§ PROBLEM TO WORK ON:
Look below for the line that contains "Building Photo - 373 Old Farm Ln" and the line that contains "IRON HEART - Real", then restate both of them and every line in between, exactly. No picture goes in the copy.

§ EXTRACTED ENTRIES:

++++++++++++++++++++

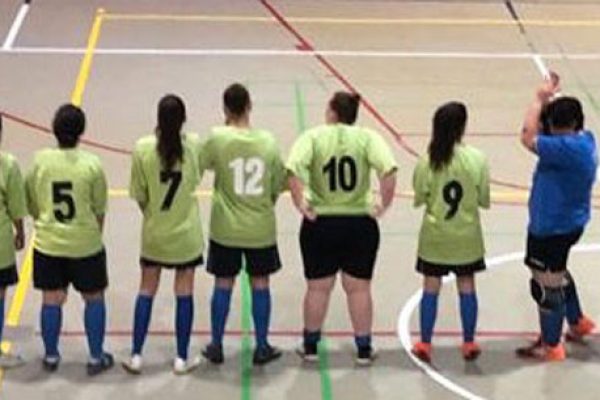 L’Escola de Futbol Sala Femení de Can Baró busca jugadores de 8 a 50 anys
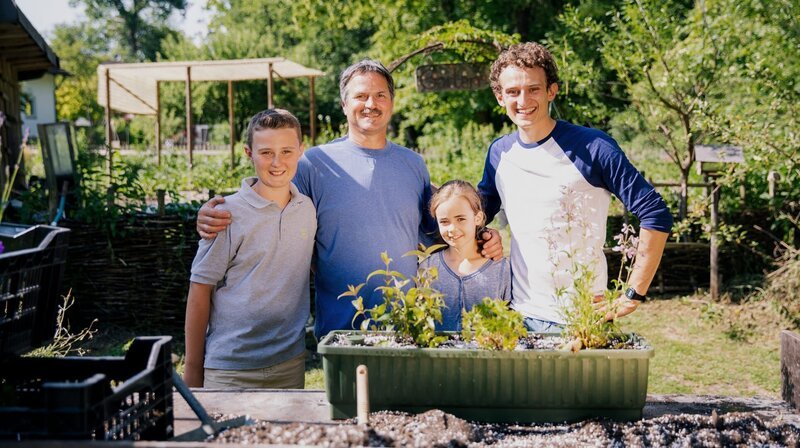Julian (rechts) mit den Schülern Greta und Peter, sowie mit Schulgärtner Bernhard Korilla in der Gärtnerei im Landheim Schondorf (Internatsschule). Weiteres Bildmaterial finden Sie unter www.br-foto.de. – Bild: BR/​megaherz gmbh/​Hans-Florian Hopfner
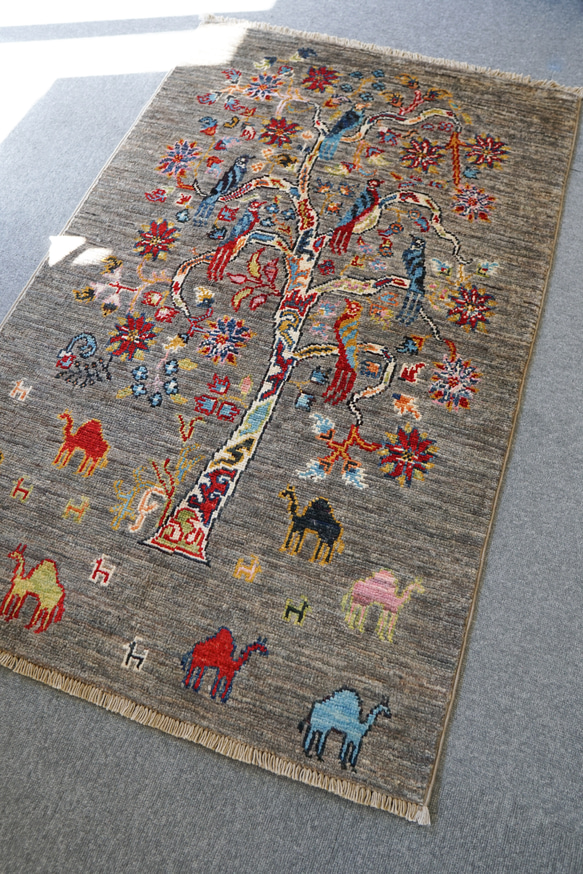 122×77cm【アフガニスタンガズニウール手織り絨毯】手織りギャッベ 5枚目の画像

++++++++++++++++++++

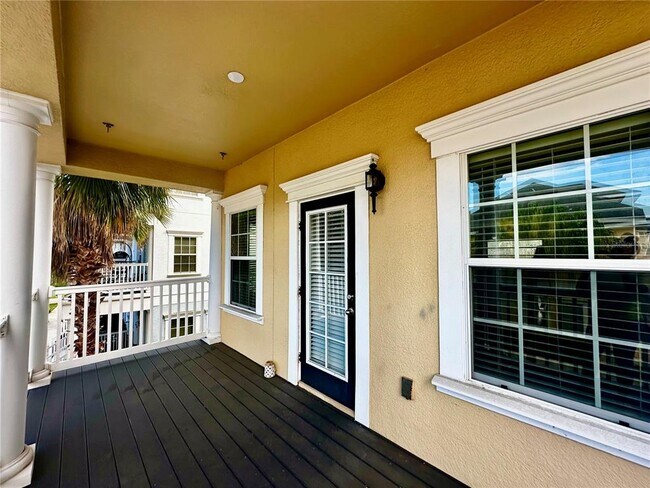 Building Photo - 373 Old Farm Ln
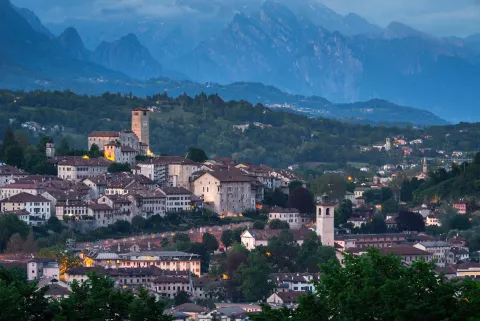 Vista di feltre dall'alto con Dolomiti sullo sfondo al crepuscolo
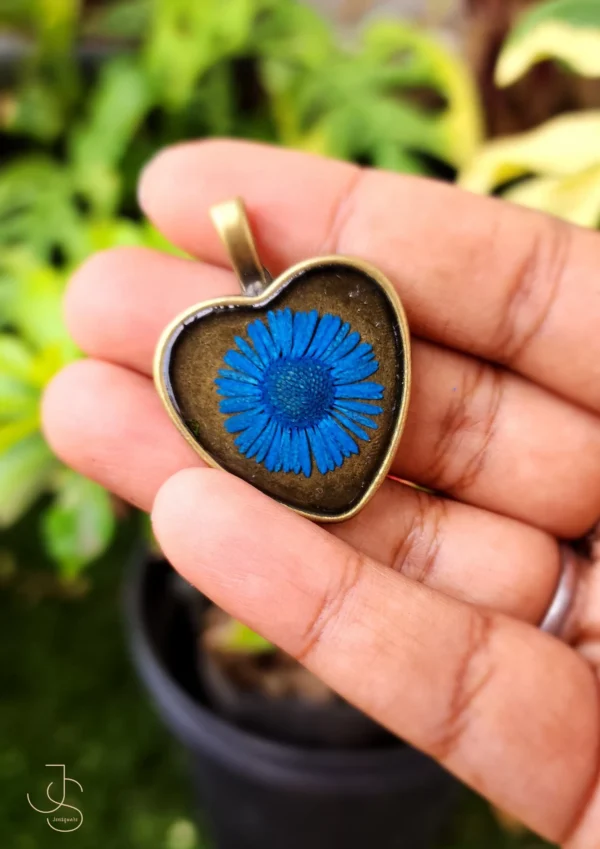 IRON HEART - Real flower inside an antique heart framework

++++++++++++++++++++

§ EXERCISE RESULT:
 Building Photo - 373 Old Farm Ln
 Vista di feltre dall'alto con Dolomiti sullo sfondo al crepuscolo
 IRON HEART - Real flower inside an antique heart framework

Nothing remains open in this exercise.